= Task details =
Please restate each line of the data that follows word for word, skipping any image.

= Exercise data =
..............................

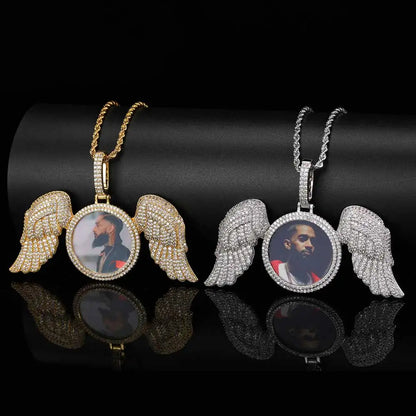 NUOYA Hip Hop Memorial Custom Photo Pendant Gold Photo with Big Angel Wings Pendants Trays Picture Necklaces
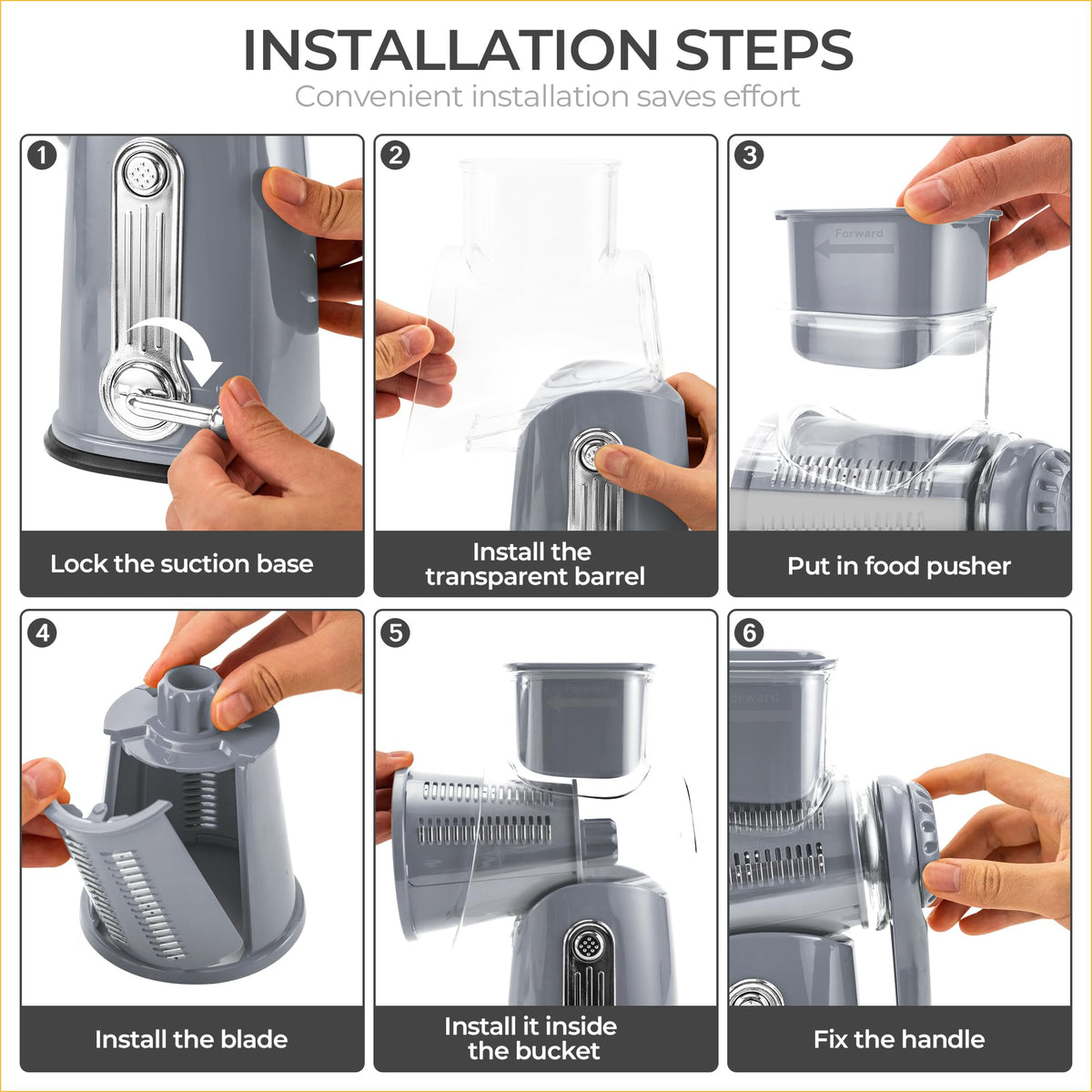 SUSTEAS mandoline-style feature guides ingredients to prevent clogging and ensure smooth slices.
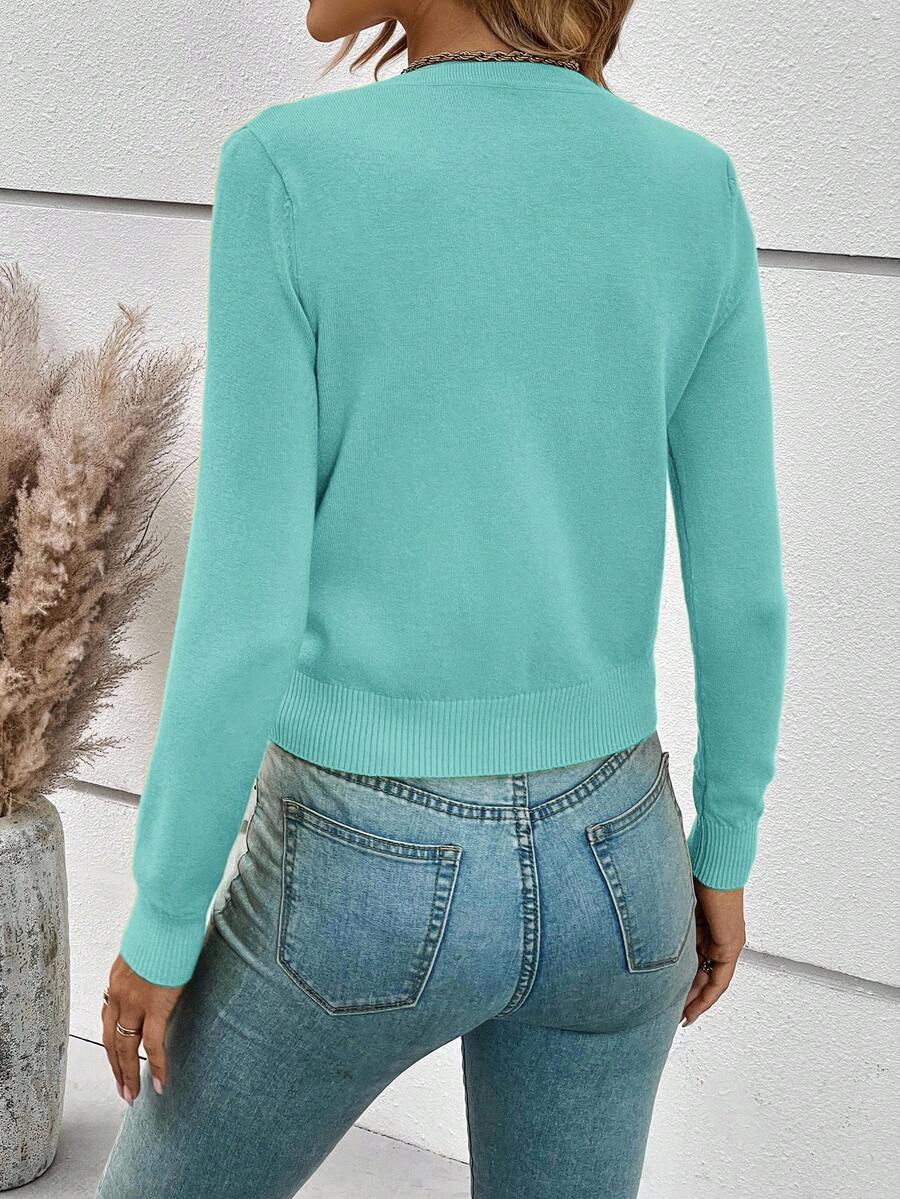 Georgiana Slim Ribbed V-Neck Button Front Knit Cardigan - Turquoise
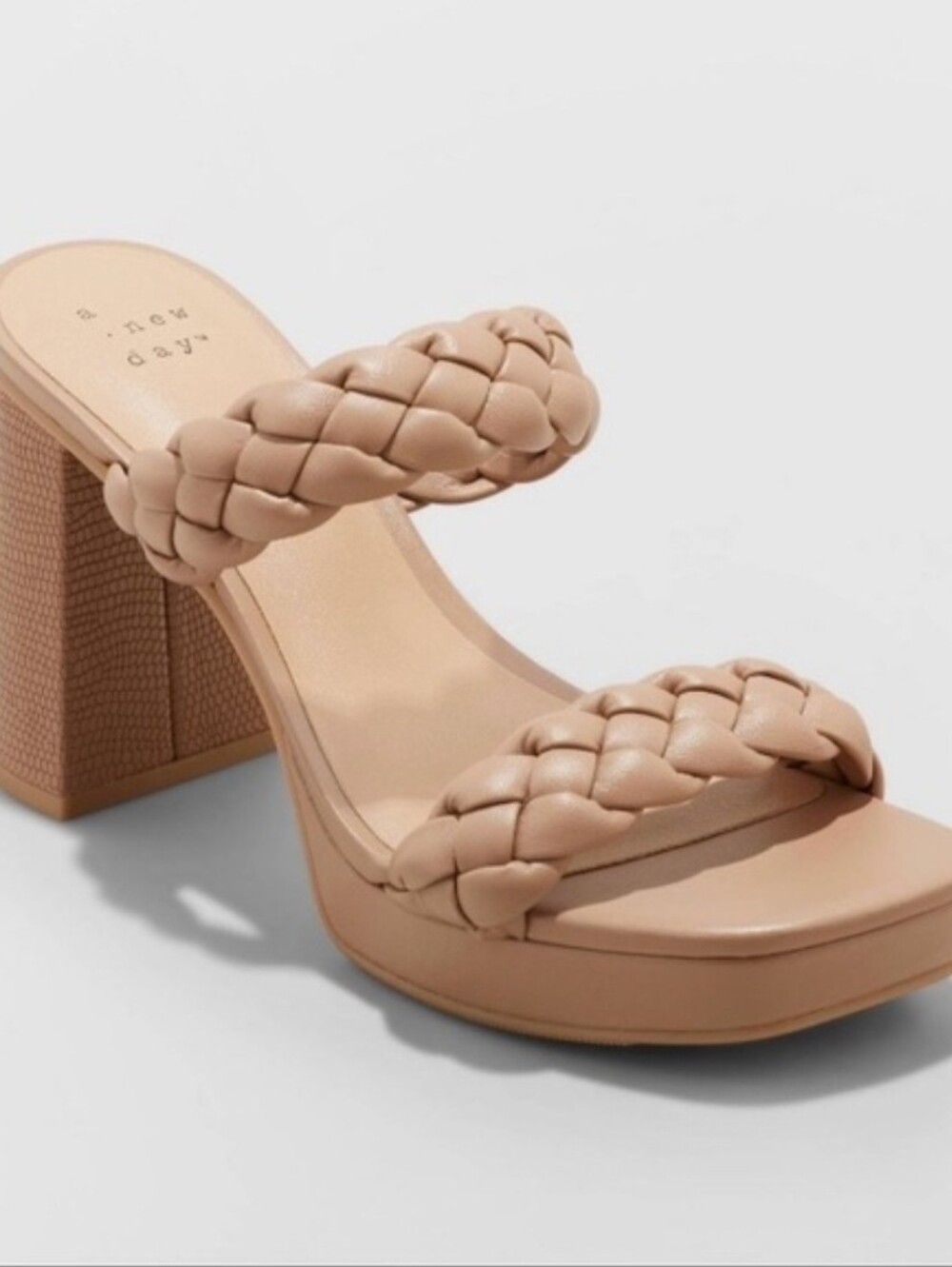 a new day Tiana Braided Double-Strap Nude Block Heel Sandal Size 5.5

..............................

= Response to the exercise =
 NUOYA Hip Hop Memorial Custom Photo Pendant Gold Photo with Big Angel Wings Pendants Trays Picture Necklaces
 SUSTEAS mandoline-style feature guides ingredients to prevent clogging and ensure smooth slices.
 Georgiana Slim Ribbed V-Neck Button Front Knit Cardigan - Turquoise
 a new day Tiana Braided Double-Strap Nude Block Heel Sandal Size 5.5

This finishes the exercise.